&, &, &, &, &c, etc . . .
Ahh, yes, the Ampersand. What the hell does that really mean anyway, and where did that screwy symbol come from?
Johnson & Johnson, Barnes & Noble, Dolce & Gabbana: the ampersand today is used primarily in business names, but that small character was once the 27th part of the alphabet. Where did it come from though? The origin of its name is almost as bizarre as the name itself.
The shape of the character (&) predates the word ampersand by more than 1,500 years. In the first century, Roman scribes wrote in cursive, so when they wrote the Latin word "et" which means “and” they linked the e and t. Over time the combined letters came to signify the word “and” in English as well.
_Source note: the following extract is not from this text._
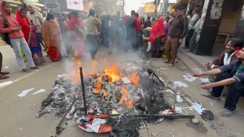 Bihar News : नवादा में रामपाल जी महाराज की पुस्तक पर मचा बवाल, हिन्दू संगठन के कार्यकर्ताओं ने किताब में लगाई आग, जान बचाकर भागे विक्रेता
Certain versions of the ampersand, like that in the font Caslon, clearly reveal the origin of the shape.
The word “ampersand” came many years later when “&” was actually part of the English alphabet. In the early 1800s, school children reciting their ABCs concluded the alphabet with the "&". It would have been confusing to say “X, Y, Z, and.” Rather, the students said, “and per se and.” “Per se” means “by itself,” so the students were essentially saying, “X, Y, Z, and by itself and.” Over time, “and per se and” was slurred together into the word we use today: ampersand. When a word comes about from a mistaken pronunciation, it’s called a mondegreen.
(The ampersand is also used in an unusual configuration where it appears as “&c” and means etc. The ampersand does double work as the e and t.
However, by far and away the best use for the Ampersand is in the stylized logo of Smith & Wesson. There is a Smith & Wesson enthusiast forum on the intertubes - its name is "The Ampersand".